Adding in dark details with your loaded brush
After the leaves and branches were complete and lots more of the shadows had been drawn in, some of the finer details were quickly painted in using single deft  strokes with the pointed brush.  

When it was time to paint the areas which were 5 in tonal value Alan stressed the need to make sure you used plenty of paint.  He said that it was  very important not to have the mix too watery or it would not be dark enough when it dried out. 

He then showed us how to put on some thick paint and take some of it off again with a metal scraper, in order  to create an interesting pattern (which in this instance was on the wall, but which I thought would be great if you were painting leaves on the ground).   You can use your fingernail or a credit card to do this too.

The nifty little metal scraper that Alan uses

Marks left by scraper - note how thick the paint was first

A few more finishing touches to a few leaves and shadows, a very faint glaze over some of the white areas on the wall, taa daaah -  it was finished (all in record time).

Just a couple more leaves here and there

Faint glazing has been applied to the white patches on wall

The Finished Painting

 Then it was our turn.....

I have realized I will probably never be a loose painter (oh the stress of it all) as the time in which we had to work was way to short for a control freak like me.   All that trying to keep putting the paint on and blending it on the paper before it runs off or before the paper dries out or whatever.  It wasn't until I actually stopped stressing and thought "oh to heck with it" and started just slapping paint on that I actually made any progress (I still say I didn't have good enough brushes hem hem - that's my excuse and I'm sticking to it).  There are some advantages to that style of painting though - you can accidentally drip paint onto the paper and it is really not going to be noticed, unless its a little dark blob in the middle of the blue sky (then you apparently turn it into a bird!)

Look at us all lined up pensively waiting to be assessed
 Alan called time to stop before any of us were ready of course (which was just as well because we were all starting to get to fiddley with it).  

We all lined up obediently (from about 10 metres) while Alan went through and constructively assessed our efforts, pointing out those areas that were good and those that needed a little attention. 

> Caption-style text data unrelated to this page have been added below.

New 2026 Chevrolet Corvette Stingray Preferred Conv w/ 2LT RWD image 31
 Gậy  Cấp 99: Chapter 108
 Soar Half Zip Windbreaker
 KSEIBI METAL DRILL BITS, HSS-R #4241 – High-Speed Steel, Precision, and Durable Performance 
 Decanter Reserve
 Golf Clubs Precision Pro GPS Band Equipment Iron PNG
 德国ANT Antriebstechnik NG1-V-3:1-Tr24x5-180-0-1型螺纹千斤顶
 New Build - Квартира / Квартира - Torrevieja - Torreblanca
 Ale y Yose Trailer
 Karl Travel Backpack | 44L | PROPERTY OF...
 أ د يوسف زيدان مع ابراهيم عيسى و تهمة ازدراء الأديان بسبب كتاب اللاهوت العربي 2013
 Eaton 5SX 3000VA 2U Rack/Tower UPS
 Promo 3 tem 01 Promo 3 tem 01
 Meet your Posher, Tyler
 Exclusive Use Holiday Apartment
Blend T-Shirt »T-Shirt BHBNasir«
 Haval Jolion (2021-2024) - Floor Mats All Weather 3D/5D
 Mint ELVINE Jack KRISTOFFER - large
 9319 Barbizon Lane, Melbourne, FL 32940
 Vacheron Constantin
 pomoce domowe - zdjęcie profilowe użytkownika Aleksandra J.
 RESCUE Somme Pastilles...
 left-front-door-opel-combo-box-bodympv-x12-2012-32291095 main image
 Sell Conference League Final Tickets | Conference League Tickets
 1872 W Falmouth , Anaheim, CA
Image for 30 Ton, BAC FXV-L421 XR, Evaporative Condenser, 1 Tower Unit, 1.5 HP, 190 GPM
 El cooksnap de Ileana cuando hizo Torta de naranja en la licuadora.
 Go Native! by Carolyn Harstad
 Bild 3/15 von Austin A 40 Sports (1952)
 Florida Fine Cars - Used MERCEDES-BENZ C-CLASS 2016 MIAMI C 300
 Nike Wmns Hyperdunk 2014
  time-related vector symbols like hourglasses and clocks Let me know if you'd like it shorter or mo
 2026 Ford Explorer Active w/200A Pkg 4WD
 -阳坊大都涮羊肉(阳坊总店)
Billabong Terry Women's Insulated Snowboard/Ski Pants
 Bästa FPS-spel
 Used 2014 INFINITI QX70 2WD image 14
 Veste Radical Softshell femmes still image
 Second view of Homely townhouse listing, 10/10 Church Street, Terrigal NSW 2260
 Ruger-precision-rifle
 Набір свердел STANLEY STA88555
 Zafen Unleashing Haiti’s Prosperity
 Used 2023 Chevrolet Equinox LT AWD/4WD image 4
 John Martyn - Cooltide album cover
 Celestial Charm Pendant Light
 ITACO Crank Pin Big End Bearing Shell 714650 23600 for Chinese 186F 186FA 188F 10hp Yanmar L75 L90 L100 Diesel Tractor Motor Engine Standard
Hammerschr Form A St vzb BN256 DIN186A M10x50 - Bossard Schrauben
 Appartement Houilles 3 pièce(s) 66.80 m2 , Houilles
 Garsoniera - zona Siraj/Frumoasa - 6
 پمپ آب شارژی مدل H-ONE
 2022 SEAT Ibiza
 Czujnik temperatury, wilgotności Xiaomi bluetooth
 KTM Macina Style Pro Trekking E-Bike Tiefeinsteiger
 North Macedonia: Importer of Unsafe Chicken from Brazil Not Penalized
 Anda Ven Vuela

Overall, I think he was pleased with our efforts, particulary those done by some of the beginners.  Unfortunately (for my stress levels) he chose mine to be the first to critique (eek - panic attack).  I needn't have worried - he thought I had done OK. (wheeww, relief!).

Anyway,  shown below  is what the class produced.  It is interesting and amazing how  different they all are - no two are the same even though we all had the same excellent instruction, we all created our own individual paintings with our own "emotional" input. My effort is the one shown with Alan in the photo directly below. 

Alan reviewing my painting (which  definitely looks better from a distance - close up not so good!) and looking like he's praying I get better!

All in all, it was a great workshop which I thoroughly enjoyed (got to start saving so I can do his classes).  I've probably forgotten a million tips I should have included, but I hope you have found some of what I remembered interesting. Thanks again Rosemary and thanks too to Alan for a really great workshop.    

What a talented and artistic bunch we all turned out to be eh! Everyone with their paintings.   Alan's painting is on the wall.  He is holding mine. 

If anyone would like to view Alan's art  go to:

If you live in Adelaide and would like to attend his classes and learns lots of great watercolour stuff,   his email is:

Cheers all.



  1. Quite interesting, Heather, thanks for showing such detail about his class and the paintings by those in attendance. I like yours!!

  2. Wow. Sounds *and* looks like a fantastic workshop! Thanks so much for sharing it with us. And Alan's work is lovely!

  3. Hi Heather - It sounds like you enjoyed the workshop and I liked your painting. I did notice that you are not in any of the group photos!!!!!
    - Dianna

  4. Thanks all for your kind remarks. No Di - I was holding the little camera all the time.